The emerging technologies sector supports flourishing demand growth in Shenzhen

May 12, 2014 / By  

Since the beginning of 2013, the Shenzhen Grade A office market has been surprisingly strong. This is in contrast to the slowing market dynamics seen in most Chinese cities. Shenzhen’s quarterly rental growth has been fastest among the four Tier I cities in the prior four quarters. In terms of net absorption, Shenzhen reached a record high of just over 450,000 sqm in 2013, again, highest among Tier I cities for prime locations. We believe that this trend for Shenzhen is likely to continue, buoyed by demand from the finance and emerging technologies sectors.

Source: JLL

Apart from being an important financial centre in China, Shenzhen is also home to many of the leading domestic hi-tech giants such as Tencent (parent of WeChat) and Kingdee in software, and ZTE and Huawei in hardware. In 2013, the hi-tech segment accounted for 32% of Shenzhen’s GDP. Based on this platform, Shenzhen is expected to benefit from the national development plan for industrial upgrading.

While many Chinese cities are dealing with slowing economic growth, manufacturing overcapacity and cost-conscious MNCs, in Shenzhen, emerging technologies, including IT & communications, energy, and biomedical and materials science are among the most prominent drivers of economic growth. These Chinese hi-tech companies are starting to move past their international competitors using innovation to capture China’s domestic market, which has the largest number of mobile phone and internet users in the world. In addition, companies like Huawei and ZTE are taking a leading role globally in the deployment of 4G networks.
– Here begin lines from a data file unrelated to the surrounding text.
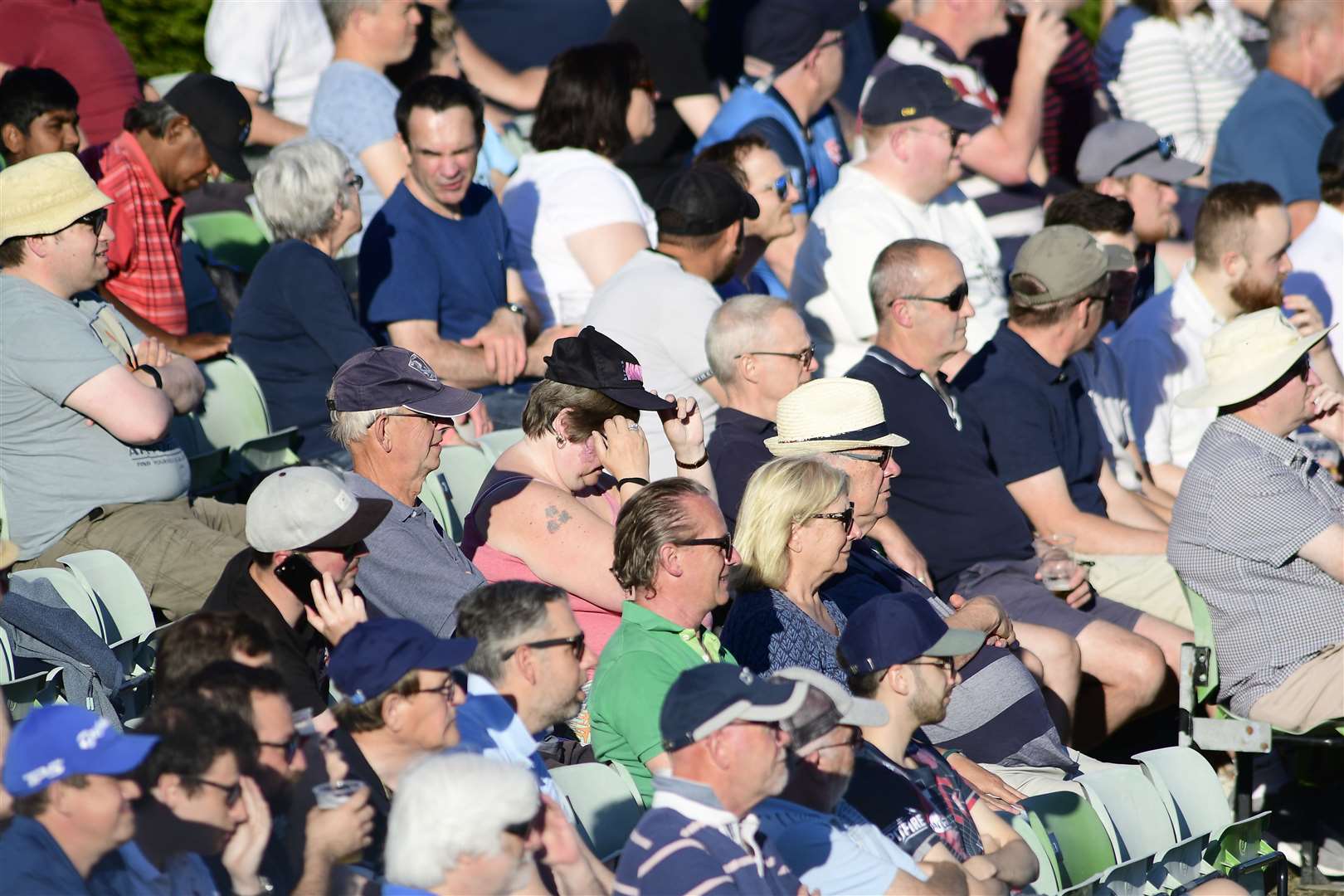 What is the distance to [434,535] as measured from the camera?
416 cm

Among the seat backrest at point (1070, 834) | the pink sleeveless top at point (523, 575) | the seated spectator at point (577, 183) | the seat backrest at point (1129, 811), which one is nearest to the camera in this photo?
→ the seat backrest at point (1070, 834)

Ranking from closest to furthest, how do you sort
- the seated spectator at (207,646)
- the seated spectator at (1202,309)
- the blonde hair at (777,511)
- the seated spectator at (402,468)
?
1. the seated spectator at (207,646)
2. the seated spectator at (402,468)
3. the blonde hair at (777,511)
4. the seated spectator at (1202,309)

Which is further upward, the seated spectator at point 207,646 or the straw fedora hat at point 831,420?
the seated spectator at point 207,646

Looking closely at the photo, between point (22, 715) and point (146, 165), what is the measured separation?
2.70 meters

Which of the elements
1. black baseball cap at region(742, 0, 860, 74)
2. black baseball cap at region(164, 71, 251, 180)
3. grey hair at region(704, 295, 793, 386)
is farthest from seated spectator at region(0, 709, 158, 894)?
black baseball cap at region(742, 0, 860, 74)

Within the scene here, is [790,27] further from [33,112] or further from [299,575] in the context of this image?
[299,575]

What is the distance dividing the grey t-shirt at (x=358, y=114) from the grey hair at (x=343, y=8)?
30cm

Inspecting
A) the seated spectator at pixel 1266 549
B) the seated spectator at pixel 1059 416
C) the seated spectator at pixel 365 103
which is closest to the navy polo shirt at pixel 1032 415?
the seated spectator at pixel 1059 416

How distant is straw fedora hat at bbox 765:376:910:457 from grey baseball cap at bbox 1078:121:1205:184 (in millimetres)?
3373

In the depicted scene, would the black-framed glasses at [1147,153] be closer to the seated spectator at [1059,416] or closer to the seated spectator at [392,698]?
the seated spectator at [1059,416]

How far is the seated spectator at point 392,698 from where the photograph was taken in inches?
120

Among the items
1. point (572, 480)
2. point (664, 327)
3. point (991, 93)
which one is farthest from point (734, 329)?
point (991, 93)

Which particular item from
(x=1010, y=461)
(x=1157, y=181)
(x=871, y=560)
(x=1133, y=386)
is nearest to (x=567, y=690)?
(x=871, y=560)

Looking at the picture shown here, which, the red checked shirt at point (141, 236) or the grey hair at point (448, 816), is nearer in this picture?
the grey hair at point (448, 816) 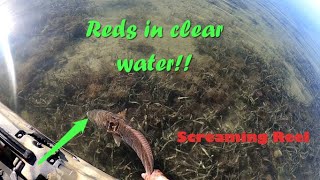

In addition, most of Shenzhen’s high-tech headquarters space is in self-built high-quality office buildings in core sub-markets, particularly in Nanshan. Of the Grade A office projects to be completed in the next four years, around 57% of total space (3.7 million sqm) is slated for headquarters use. With a growing number of these headquarters buildings occupied by emerging technologies companies, such as Tencent, Baidu and Alibaba, Shenzhen is strengthening its position as a hi-tech industry cluster. Additional headquarters office space will be built to capture demand from new headquarters and R&D centres, as well as expansion and consolidation of current office space.

Moreover, demand for headquarters buildings is also coming from the banking and finance, energy and other sectors. In all, the emergence of headquarters districts will fuel economic vitality and create new demand for office space from the professional service industry. As a result, underpinned by demand for self-use headquarters space, the annual net absorption in the Shenzhen Grade A office market is expected to average over 500,000 sqm for the next four years. Given the large volume of new supply, though, the vacancy rate is nonetheless projected to climb to over 25% by end-2017, from 7.8% at end-1Q14.